Rick Yancey was born in a Miami suburb, Florida.
Yancey wrote his first short story in seventh grade while attending Crystal Lake Junior High School in Florida. After graduating from Lakeland Senior High School, he was accepted to Florida Southern College and majored in Communications. After a year at Florida Southern College, Yancey transferred to Florida State University and ultimately graduated from Roosevelt University with a B.A. in English. After graduation, Yancey planned on attending law school.
Ultimately, Yancey decided against law school and began teaching English classes as well as acting and directing in local community theatres. In 1991, Yancey applied for a government job and was hired by the Internal Revenue Service, where he worked as an agent for twelve years.

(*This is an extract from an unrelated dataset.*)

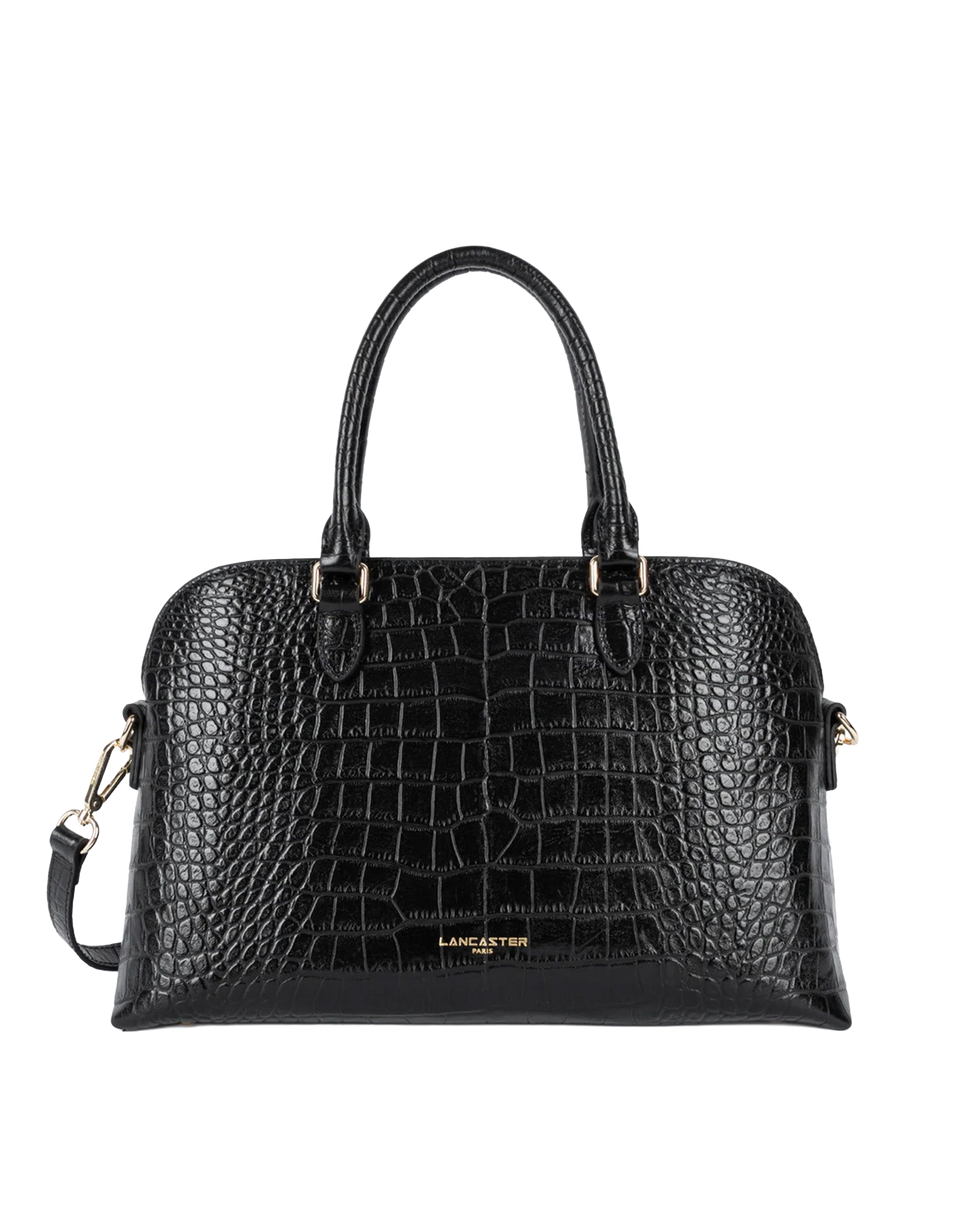 LANCASTER Borsa a Mezzaluna Exo in Pelle Stampata Noir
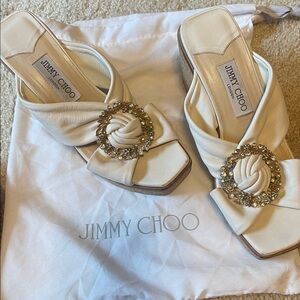 Jimmy Choo Cream and Gold Platform Mules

Yancey also spent 10 years of his life in Knoxville, Tennessee, where two of his books are set.
While working at the IRS, Yancey wrote screenplays in his spare time. At the suggestion of his wife and collaborator, one of his screenplays became his first professionally published book, A Burning in Homeland (Simon and Schuster), published in 2001.
With the success of A Burning in Homeland, Yancey resigned from the IRS in 2004 to concentrate on writing full-time. His memoir, Confessions of a Tax Collector (HarperCollins, 2004), chronicles his days working at the IRS.

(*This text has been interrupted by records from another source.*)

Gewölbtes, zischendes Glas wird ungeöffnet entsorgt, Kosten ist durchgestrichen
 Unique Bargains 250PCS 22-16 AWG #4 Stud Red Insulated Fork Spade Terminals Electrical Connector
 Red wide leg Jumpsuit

After the release of his memoir, Yancey began work on two series of books—one for adults, and one for children.
The Alfred Kropp series tells the story of an awkward teenager who saves the world when he comes into possession of King Arthur's famed sword, Excalibur—pursued by the secret cabal of knights who have hidden it for centuries. Published by Bloomsbury Children’s Publishing in the U.S. and the U.K., and in fifteen foreign language editions, the series comprised three books: The Extraordinary Adventures of Alfred Kropp (2005), The Seal of Solomon (2007), and The Thirteenth Skull (2008).
His Highly Effective Detective books (St. Martin’s Press) are whodunits for adult readers, featuring a charming but barely competent private investigator based in Tennessee. That series consists of four titles: The Highly Effective Detective (2006), The Highly Effective Detective Goes to the Dogs (2008), The Highly Effective Detective Plays the Fool (2010), and The Highly Effective Detective Crosses the Line (2011).
By 2010, Yancey had completed the first book in The Monstrumologist series. The tetralogy tells the tale of a 19th-century doctor and his young apprentice, who race around the world chasing—and being chased by—monsters. This highly acclaimed series, published by Simon and Schuster Children’s Books in the U.S. and the U.K, and in eight foreign language editions, comprised four books: The Monstrumologist (2009), The Curse of the Wendigo (2010), The Isle of Blood (2011), and The Final Descent (2013).